──────── Source records

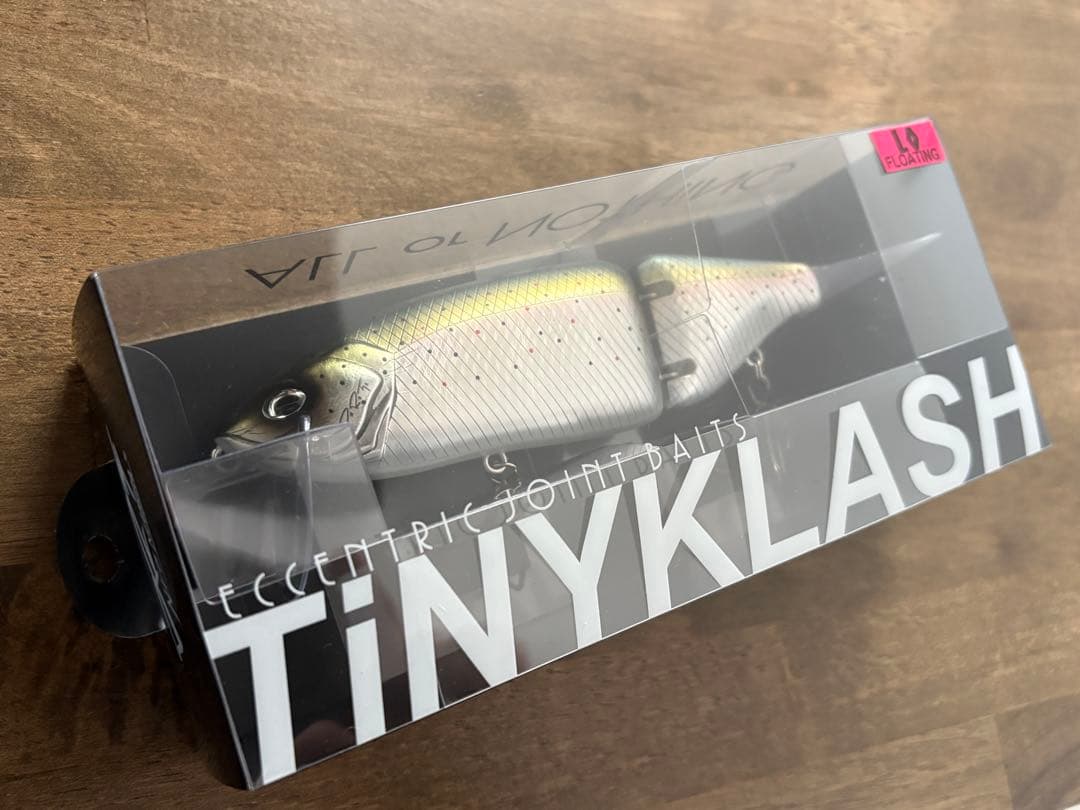 DRT タイニークラッシュ Low② - メルカリ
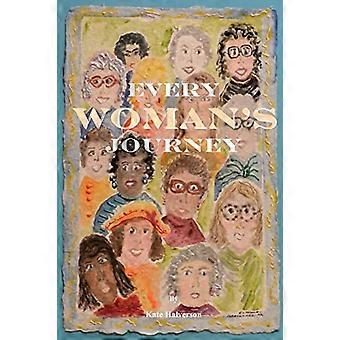De reis van elke vrouw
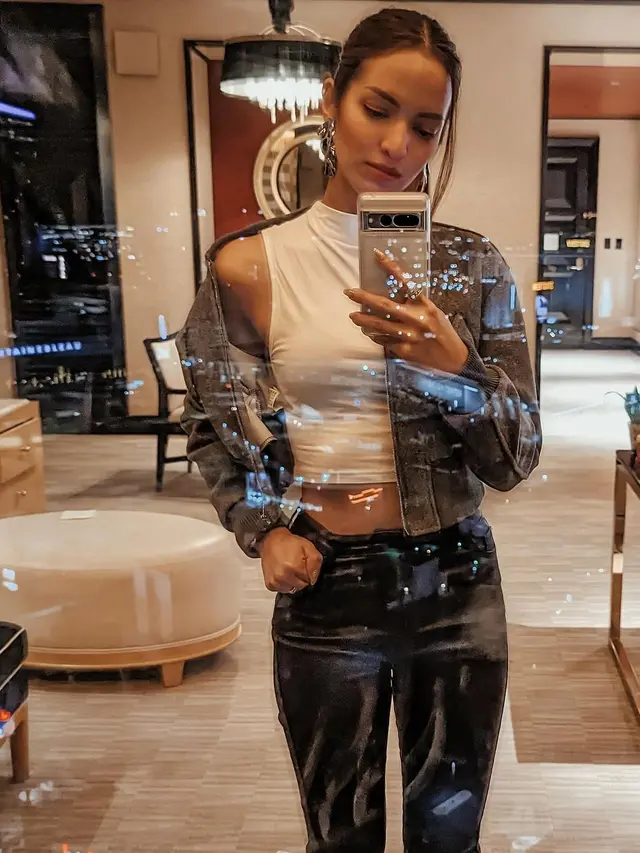 Nia Ramadhani (Instagram/ramadhaniabakrie)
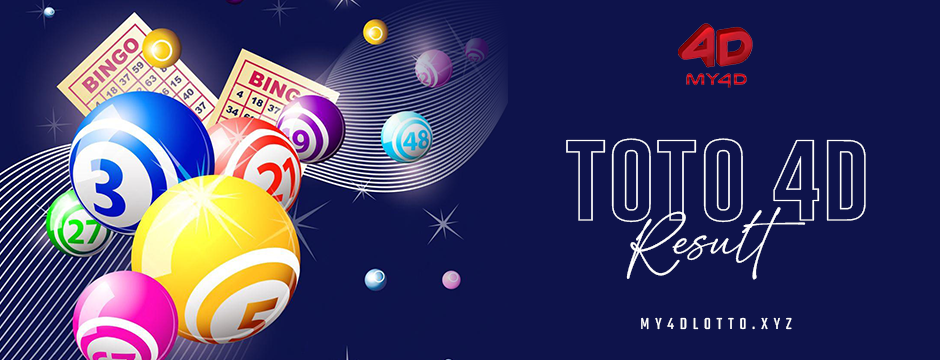 TOTO 4D result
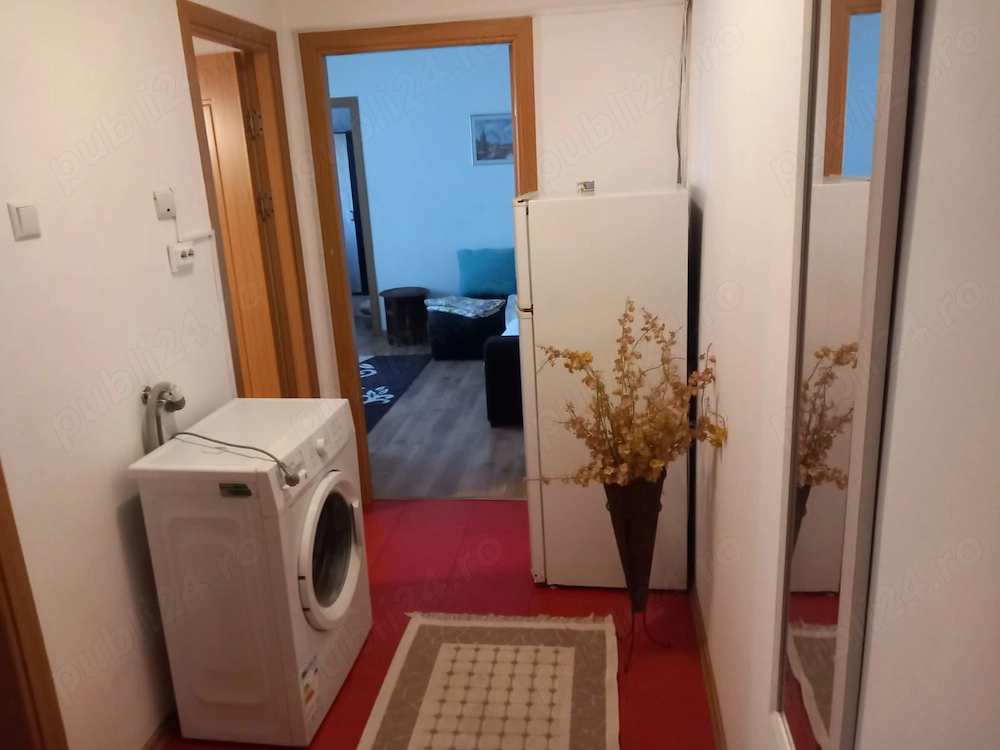 campus, 2 camere 350 euro lună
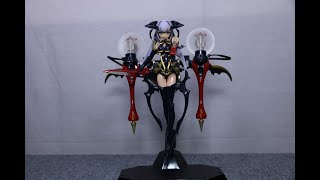 『おもちゃの国アリス』 #2539 「武装神姫 ヴァイオリン型MMS 紗羅檀(シャラタン)の紹介(前編)」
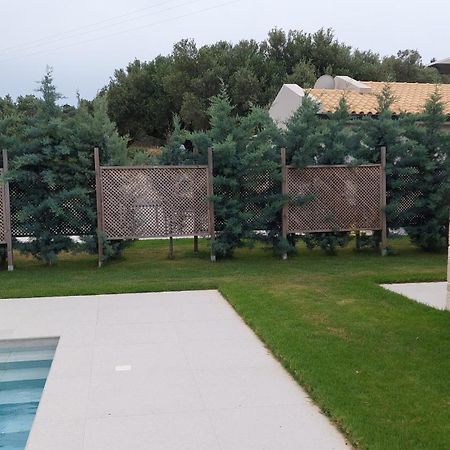 ליקסורי Alekos Beach Houses-Elia Villas מראה חיצוני תמונה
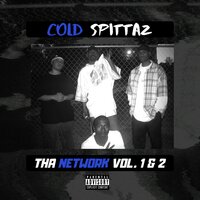Focused - Cold Spittaz & Shea BO & Trace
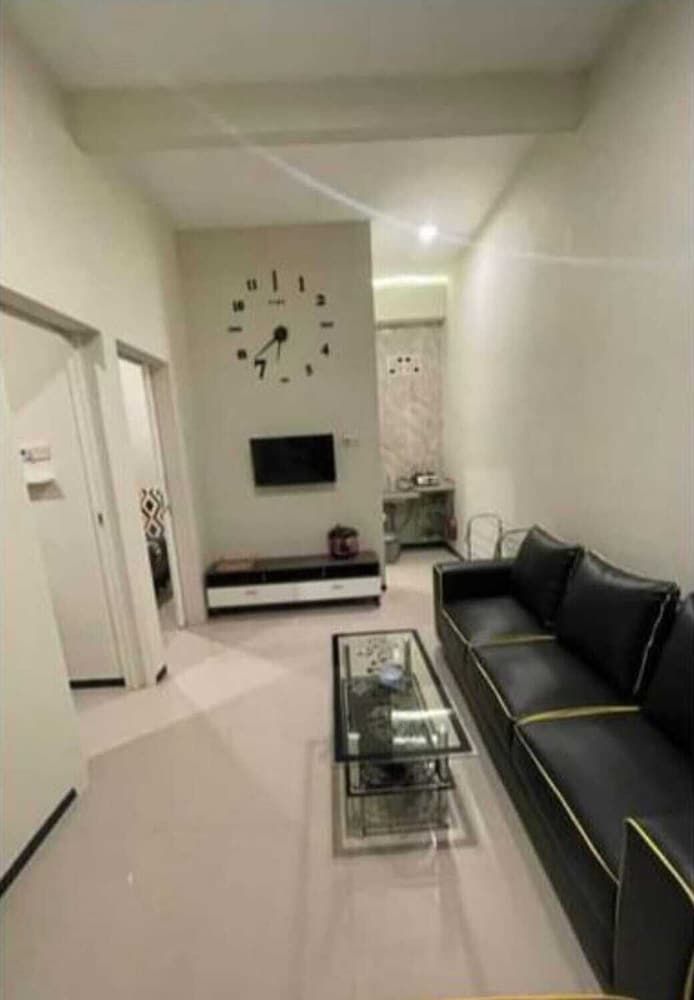 Fan Family Bromo Homestay Family Room 6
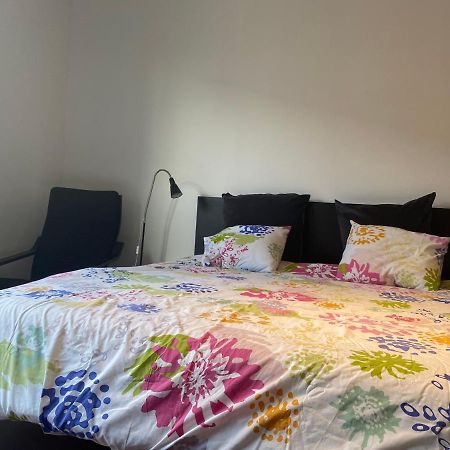Studio Near Shopping K In K New Bright And Central 科尔特赖克 外观 照片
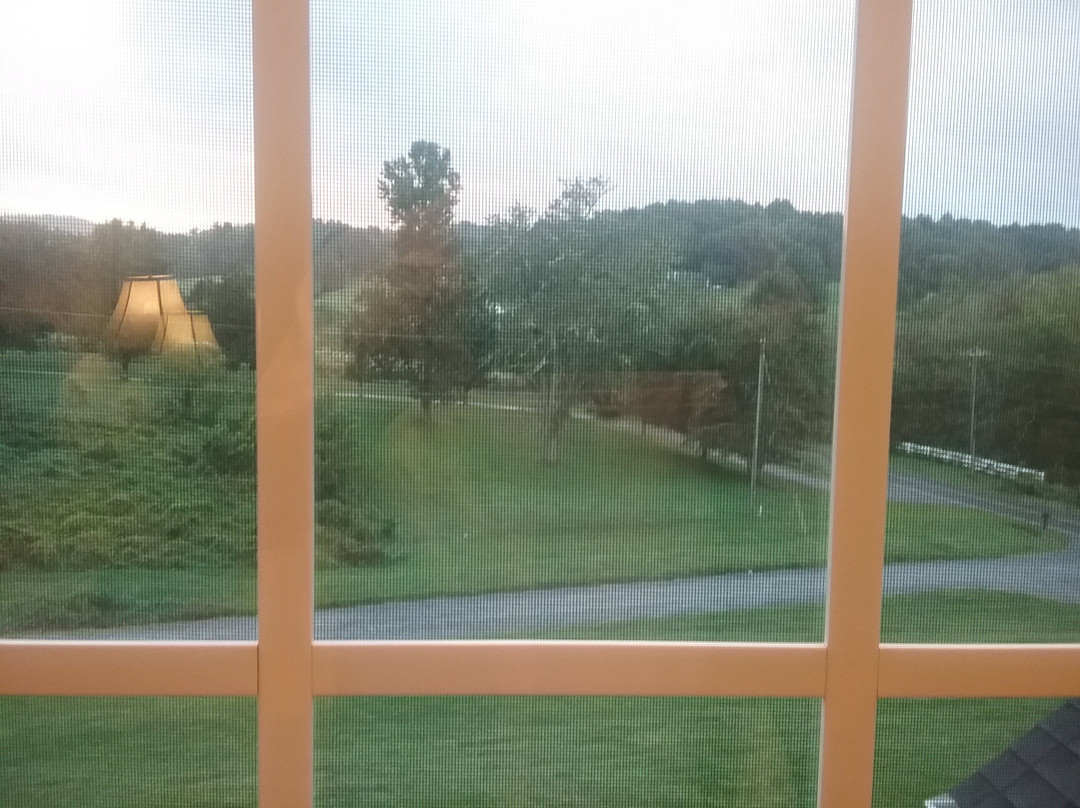 Bed and Breakfast on Tiffany Hill主图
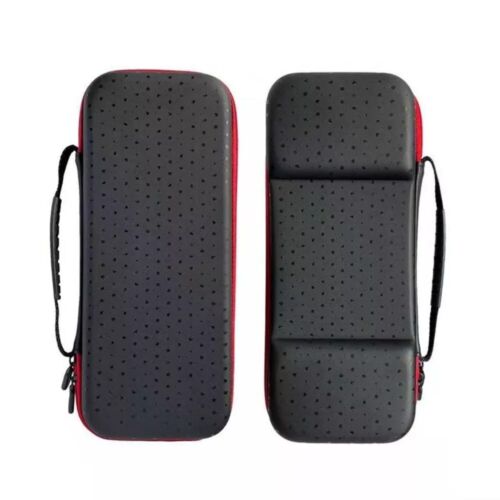 Case with 2PCS Glass Screen Protector for ASUS ROG Ally X /Rog Ally/MSI Claw A1M - Picture 4 of 14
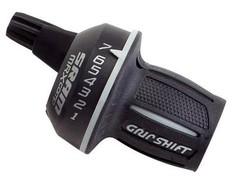 Pavarų perjungimo rankenėlė Sram MRX Comp Twist Grip 7-speed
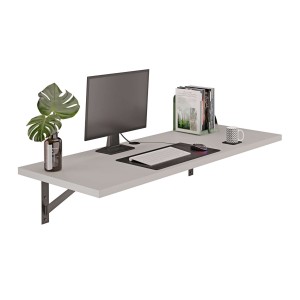 Biroul levitând - Gri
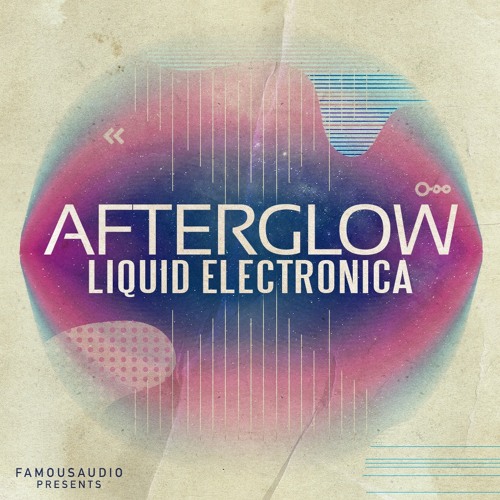 FA155 Afterglow - Liquid Electronica Sample Pack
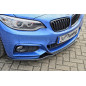 Spoiler paraurti anteriore BMW 2er F22/F23 M- Paket  (Cod. IN-INE-10340031BM-ABS-G)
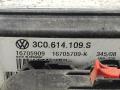 3C0614109S, 16705909, 16705709-K, 13273785576267 блок ABS Volkswagen Passat B6 - фото №5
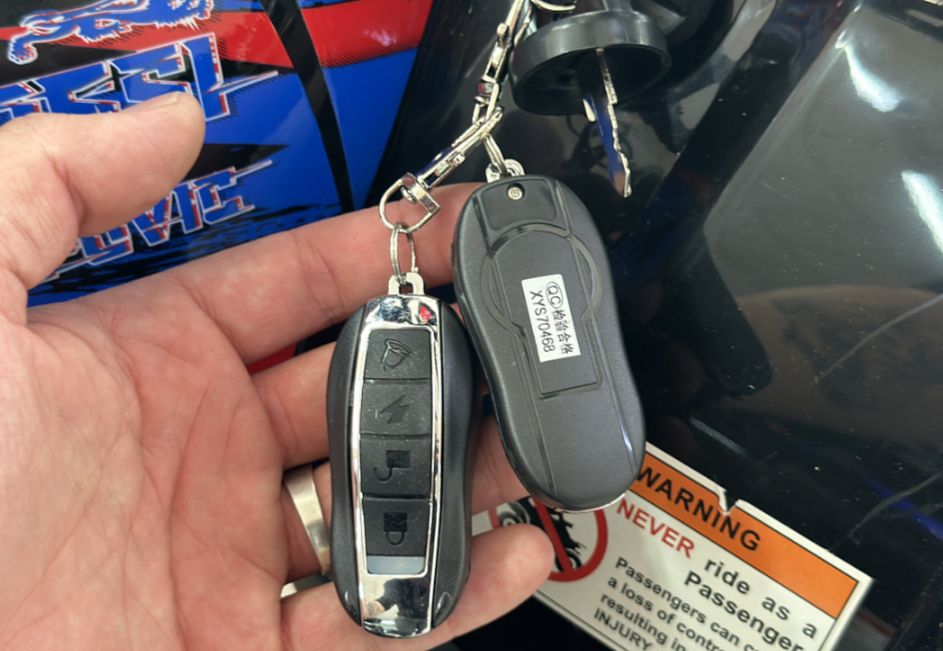 Квадроцикл GBM MAVERICK 222 NEW в Батайске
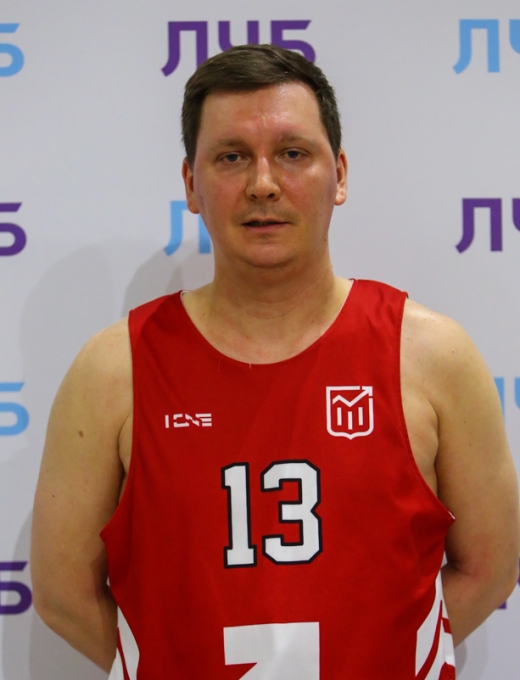 Дорофеев Станислав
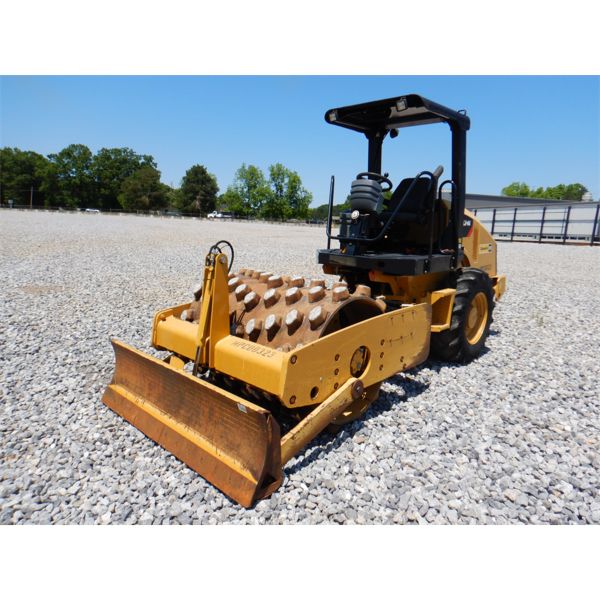 2014 CAT CP44 Roller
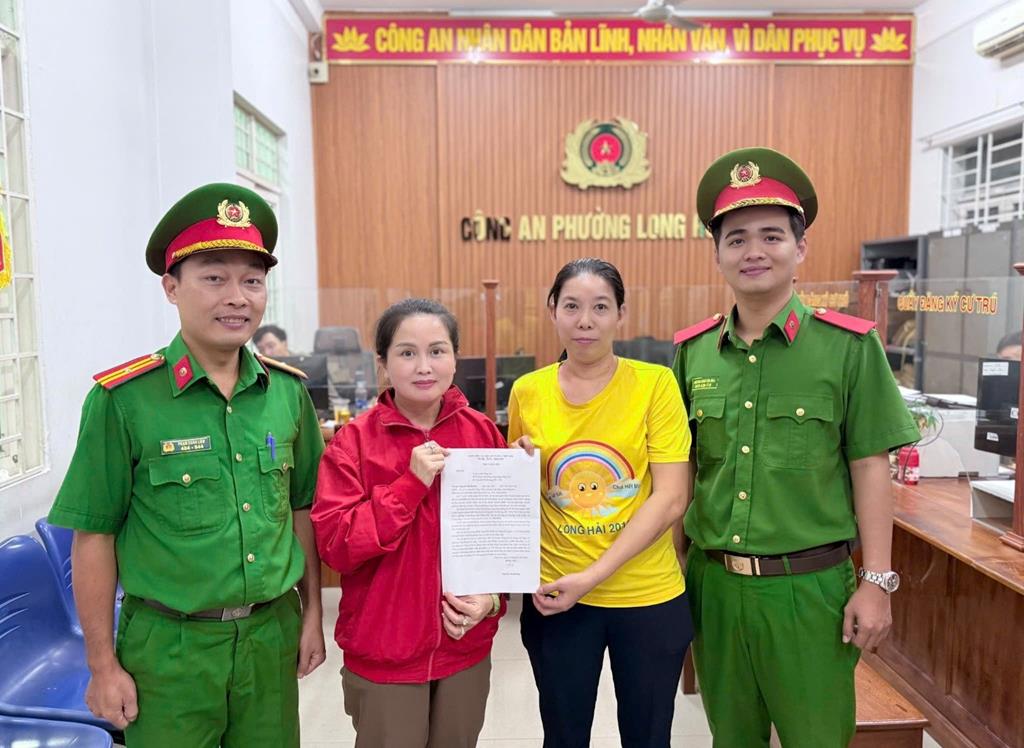 STK 604xxxx0001 bất ngờ phát sinh giao dịch 230 triệu đồng, chủ tài khoản SN 1984 được công an mời làm việc- Ảnh 2.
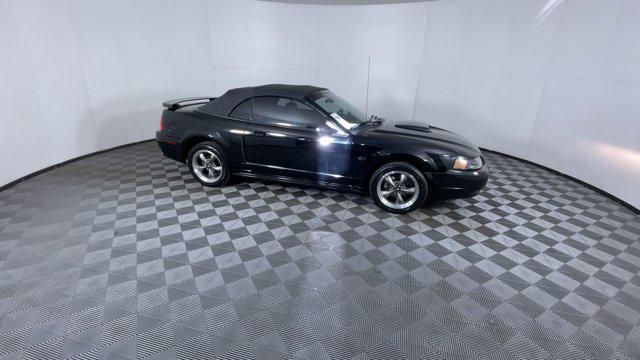 used 2003 Ford Mustang car, priced at $11,900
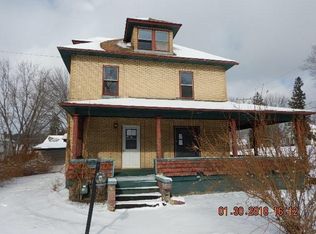 4 Linden St, Stoneboro, PA 16153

────────────────

- [Task statement]: All that should be returned is the run of lines from the start of the entries above to the line bearing "2014 CAT CP44 Roller", each exact, with pictures omitted.

- [Result for this exercise]:
 DRT タイニークラッシュ Low② - メルカリ
De reis van elke vrouw
 Nia Ramadhani (Instagram/ramadhaniabakrie)
 TOTO 4D result
 campus, 2 camere 350 euro lună
 『おもちゃの国アリス』 #2539 「武装神姫 ヴァイオリン型MMS 紗羅檀(シャラタン)の紹介(前編)」
 ליקסורי Alekos Beach Houses-Elia Villas מראה חיצוני תמונה
Focused - Cold Spittaz & Shea BO & Trace
 Fan Family Bromo Homestay Family Room 6
Studio Near Shopping K In K New Bright And Central 科尔特赖克 外观 照片
 Bed and Breakfast on Tiffany Hill主图
 Case with 2PCS Glass Screen Protector for ASUS ROG Ally X /Rog Ally/MSI Claw A1M - Picture 4 of 14
 Pavarų perjungimo rankenėlė Sram MRX Comp Twist Grip 7-speed
 Biroul levitând - Gri
 FA155 Afterglow - Liquid Electronica Sample Pack
 Spoiler paraurti anteriore BMW 2er F22/F23 M- Paket  (Cod. IN-INE-10340031BM-ABS-G)
 3C0614109S, 16705909, 16705709-K, 13273785576267 блок ABS Volkswagen Passat B6 - фото №5
 Квадроцикл GBM MAVERICK 222 NEW в Батайске
 Дорофеев Станислав
 2014 CAT CP44 Roller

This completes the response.